Finding Energy Sustainability Solutions

June 20, 2012
DC Greening Embassies Forum on World Environment Day

Earlier this month, in recognition of the United Nation's World Environment Day, the D.C. Greening Embassies Forum brought together foreign embassies and international institutions with solution providers who can help them achieve their energy and sustainability goals.

The D.C. Greening Embassies Forum is comprised of the diplomatic community in our nation's capital, and brings together the sustainability priorities of the city of Washington, D.C., with those of the foreign missions who rely upon the city's resources. The State Department's Greening Council helped facilitate the first-ever charter among these foreign embassies, which states that its signatories will strive to make their buildings and operations more sustainable, will support the city's efforts, and will share best practices on greening and sustainability.

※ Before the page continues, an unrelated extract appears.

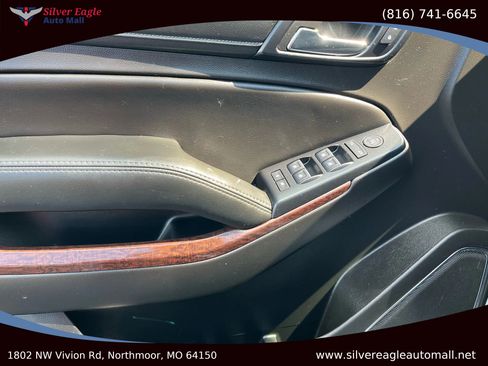 Used 2017 GMC Yukon SLE w/ SLE Value Package image 12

The Forum's World Environment Day event reflected a true spirit of collaboration and discussion. The exposition featured a series of panels that addressed specific areas of concern expressed by the embassies, including how to identify cost-efficient steps towards implementing greening efforts and how to incorporate energy efficiency and cleaner energy sources into their exisiting operations. The panels included representatives from the federal and D.C. governments and subject-matter experts who develop energy saving technologies.

Many embassy representatives repeatedly raised the idea of "behavior" as a challenge to achieving their goals. As one participant noted, an embassy can install energy saving technology, but half -- or more -- of the battle is behavioral change. Brian Keane, President of Smart Power, spoke about organizations creating internal campaigns that communicate best practices to employees and incentivize more responsible behavior that encourages better energy saving practices.

"Every single person, every one of us, can actually be part of the energy solution. The best way to be part of that solution is to start using less...[energy]," Keane said.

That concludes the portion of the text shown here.